Stored items from a collection
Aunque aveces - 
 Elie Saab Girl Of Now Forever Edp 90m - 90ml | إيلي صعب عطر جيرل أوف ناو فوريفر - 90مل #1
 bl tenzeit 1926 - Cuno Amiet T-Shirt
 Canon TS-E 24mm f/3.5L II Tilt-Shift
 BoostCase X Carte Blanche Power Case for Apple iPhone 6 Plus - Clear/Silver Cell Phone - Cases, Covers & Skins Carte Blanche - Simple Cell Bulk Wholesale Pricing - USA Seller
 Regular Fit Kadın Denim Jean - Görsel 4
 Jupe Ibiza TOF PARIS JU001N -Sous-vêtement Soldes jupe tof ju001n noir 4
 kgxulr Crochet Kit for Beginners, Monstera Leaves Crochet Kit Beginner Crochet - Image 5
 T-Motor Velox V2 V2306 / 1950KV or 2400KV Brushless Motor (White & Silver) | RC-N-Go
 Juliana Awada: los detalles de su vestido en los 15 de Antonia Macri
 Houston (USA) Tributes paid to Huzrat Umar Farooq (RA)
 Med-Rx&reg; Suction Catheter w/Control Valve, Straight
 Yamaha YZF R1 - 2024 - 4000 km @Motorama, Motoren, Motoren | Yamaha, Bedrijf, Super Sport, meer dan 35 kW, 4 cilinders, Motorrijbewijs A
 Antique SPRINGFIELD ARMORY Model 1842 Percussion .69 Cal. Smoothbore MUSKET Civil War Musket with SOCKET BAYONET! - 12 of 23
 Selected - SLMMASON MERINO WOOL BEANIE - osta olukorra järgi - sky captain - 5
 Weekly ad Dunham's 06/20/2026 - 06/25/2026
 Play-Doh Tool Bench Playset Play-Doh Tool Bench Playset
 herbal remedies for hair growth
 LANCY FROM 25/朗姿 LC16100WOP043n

**Activity**
Scan the records for the word "Silver" and copy every line where it is found.

**Solution**
 BoostCase X Carte Blanche Power Case for Apple iPhone 6 Plus - Clear/Silver Cell Phone - Cases, Covers & Skins Carte Blanche - Simple Cell Bulk Wholesale Pricing - USA Seller
 T-Motor Velox V2 V2306 / 1950KV or 2400KV Brushless Motor (White & Silver) | RC-N-Go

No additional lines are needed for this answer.